Electric Flux | Brilliant Math & Science Wiki

A flux through a given surface can be “inward” or “outward” depending on which way counts as “in” or “out”—that is, flux has a definite orientation.

For a closed surface (a surface with no holes), the orientation of the surface is generally defined such that flux flowing from inside to outside counts as positive, outward flux, while flux from the outside to the inside counts as negative, inward flux. To remember this choice of orientation, we divide the closed surface into many small patches of surface and assign a vector \( \mathbf{a}_i \) to each small patch of surface that indicates the normal (perpendicular) to the surface. In addition, the magnitude of each \( \mathbf{a}_i \) is defined to be the area of the corresponding patch.
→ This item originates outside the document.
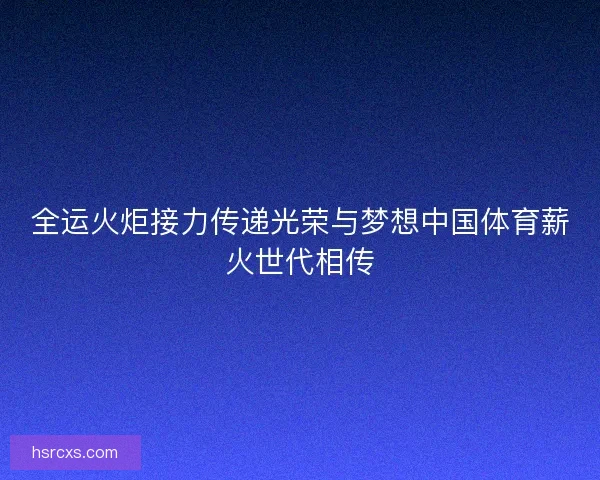 全运火炬接力传递光荣与梦想中国体育薪火世代相传
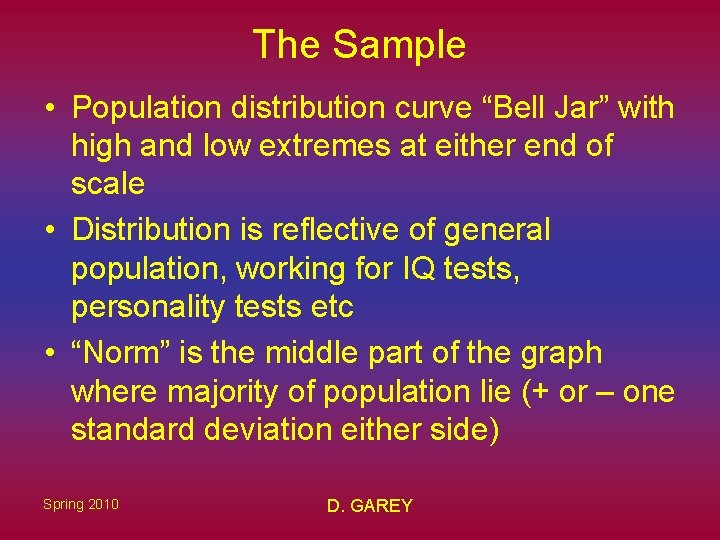 The Sample • Population distribution curve “Bell Jar” with high and low extremes at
If the surface is partitioned into patches that are sufficiently small, then the electric field \( \mathbf{E}_i \) at all points on each patch essentially becomes constant. In that case, the electric flux \( \Phi_\text{patch} \) through the patch is given by the dot product, which calculates the component of \( \mathbf{E}_i \) parallel to \( \mathbf{a}_i \):

\[ \Phi_\text{patch} = \mathbf{E}_i \cdot \mathbf{a}_i \]

The total electric flux through the entire surface, meanwhile, is the sum over all patches:

\[ \Phi = \sum_i \mathbf{E}_i \cdot \mathbf{a}_i.\]

As the \( \mathbf{a}_i \) become vanishingly small, as in the case of a continuous surface, the sum is replaced with a surface integral:

\[ \Phi = \int_S \mathbf{E} \cdot d\mathbf{a}. \]

The “\( S \)” in the limits of integration indicates that the integral is to be taken across the entire surface for all infinitesimal surface elements \( d \mathbf{a} \). Fortunately, the electric flux can often be computed without resorting to computing the integral explicitly.

Compute the electric flux across a spherical surface of radius \( R \) that contains a charge \( q \) at its center.

In this case, the electric field is the same at all points on the surface. Furthermore, the field is always perpendicular to the surface. Therefore, the perpendicular component of the electric field summed across the entire surface is simply the electric field at a distance \( R \) from the charge multiplied by the area of the surface. Thus

\[ \Phi = E \cdot 4 \pi R^2 = \frac{1}{4\pi\epsilon_0} \frac{q}{R^2} \cdot 4 \pi R^2 = \frac{q}{\epsilon_0}. \]

Compute the electric flux across a cube of side length \( s \) placed (a) perpendicular to and (b) \( 45^\circ \) with respect to a uniform electric field of magnitude \( E \) as shown.

If the cube is placed parallel to the field, then the four faces parallel to the field have zero flux. Of the two faces with nonzero flux, one face contains flux \( -E s^2 \) (“inward” flux) while the other contains flux \( E s^2 \) (“outward” flux). Therefore, the total flux is zero.

If the cube is placed \( 45^\circ \) with respect to the field, then two faces each contain flux \( -E s^2 \cos{45^\circ} = -E s^2 / \sqrt{2} \). Similarly, the other two faces with nonzero flux contain \( E s^2 \cos{45^\circ} = E s^2 / \sqrt{2} \). Therefore, the total flux is again zero.